* Listed records
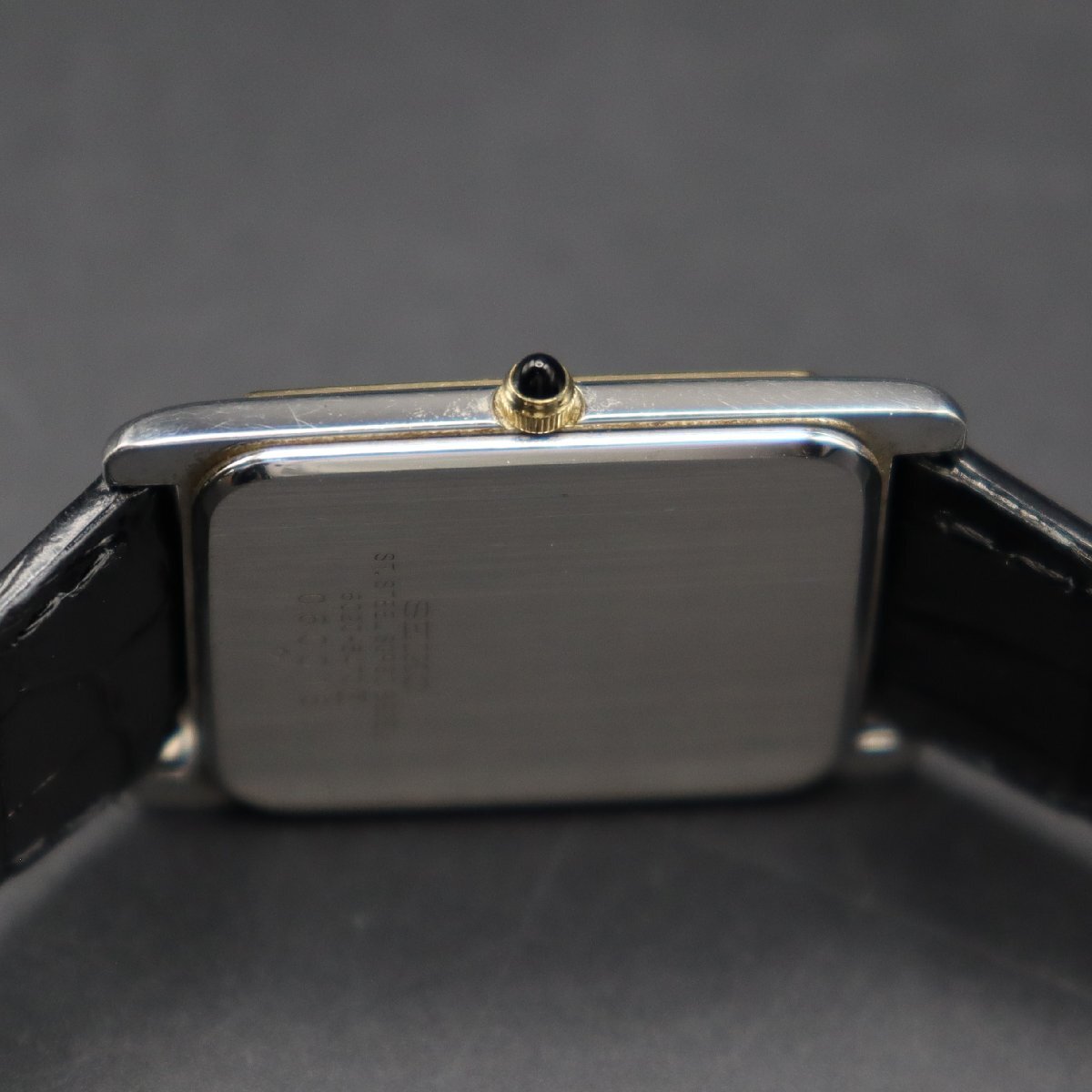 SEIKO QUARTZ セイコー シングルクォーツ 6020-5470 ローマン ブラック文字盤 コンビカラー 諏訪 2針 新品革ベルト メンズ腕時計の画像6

...

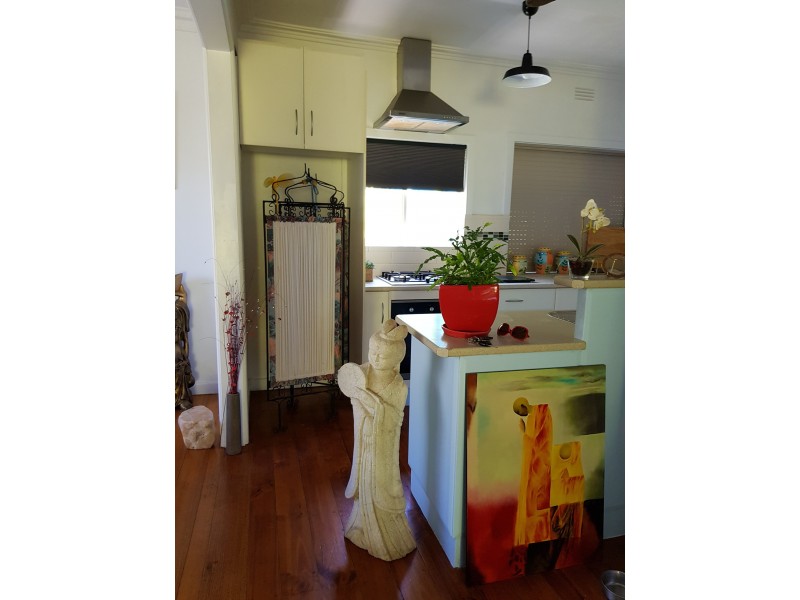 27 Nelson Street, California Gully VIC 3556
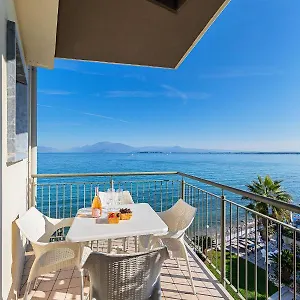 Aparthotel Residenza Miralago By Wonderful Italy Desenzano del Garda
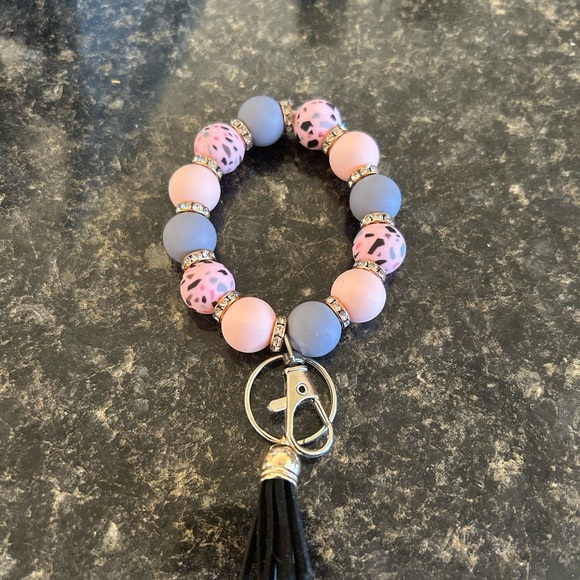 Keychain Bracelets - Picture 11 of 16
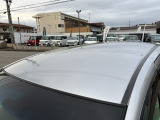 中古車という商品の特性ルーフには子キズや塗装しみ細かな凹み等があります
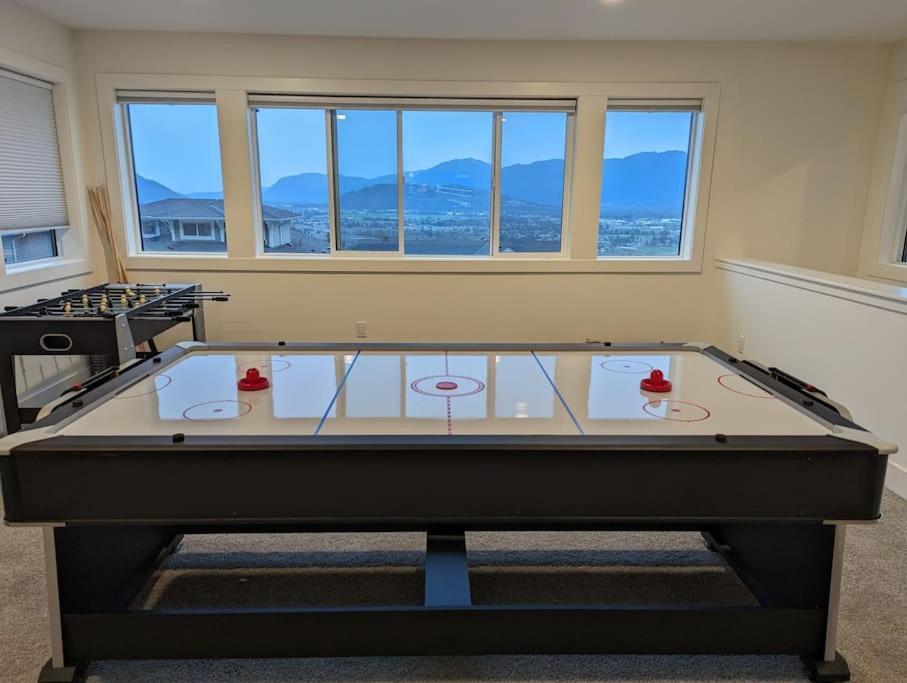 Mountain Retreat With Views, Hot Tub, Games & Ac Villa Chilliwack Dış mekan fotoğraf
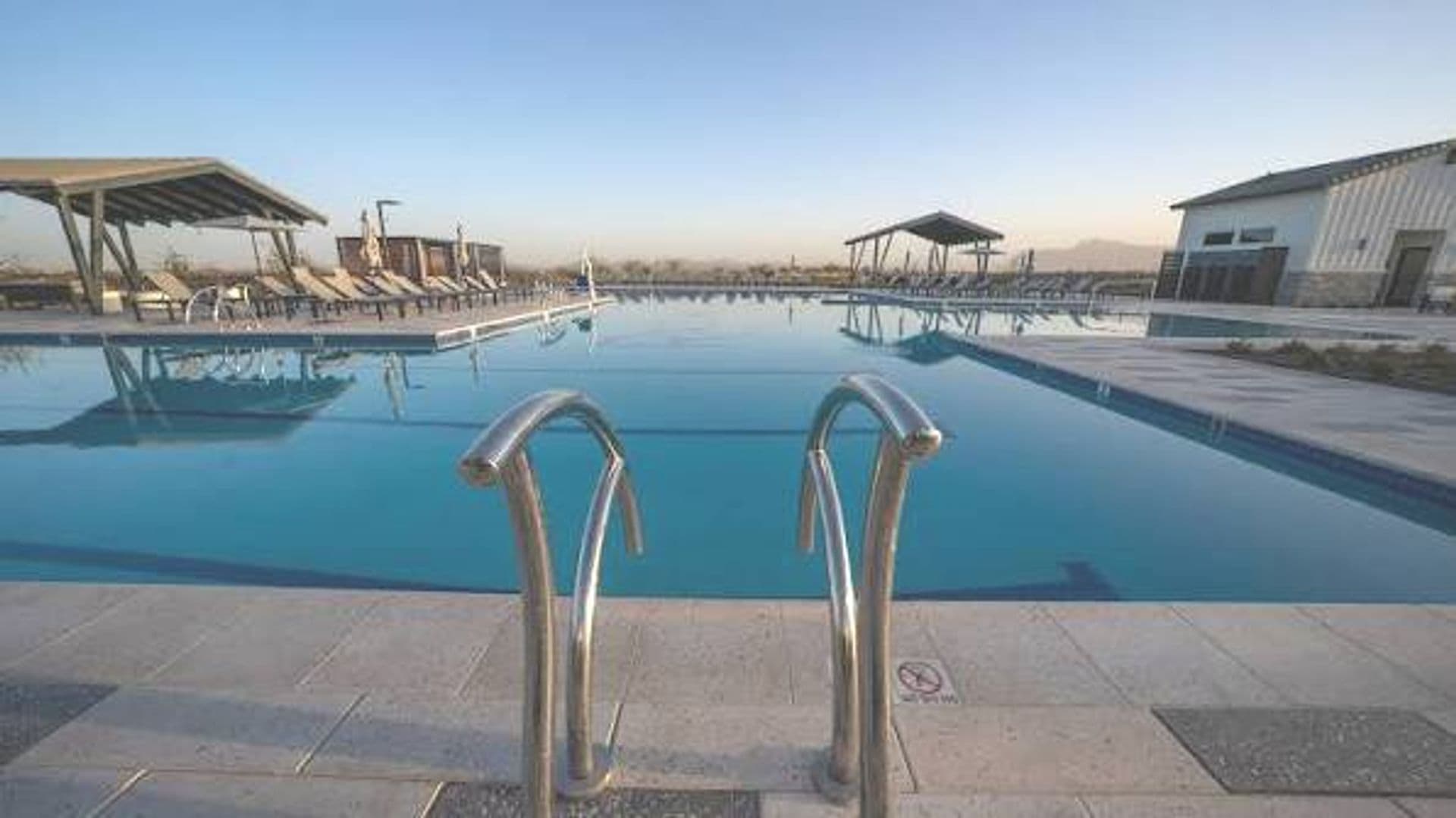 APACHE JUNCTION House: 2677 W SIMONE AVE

* Activity
Using the entries above, transcribe every line from the line containing "Aparthotel Residenza Miralago" through the line containing "APACHE JUNCTION House: 2677 W SIMONE AVE". Do not copy pictures.

* Answer to this problem
 Aparthotel Residenza Miralago By Wonderful Italy Desenzano del Garda
 Keychain Bracelets - Picture 11 of 16
 中古車という商品の特性ルーフには子キズや塗装しみ細かな凹み等があります
 Mountain Retreat With Views, Hot Tub, Games & Ac Villa Chilliwack Dış mekan fotoğraf
 APACHE JUNCTION House: 2677 W SIMONE AVE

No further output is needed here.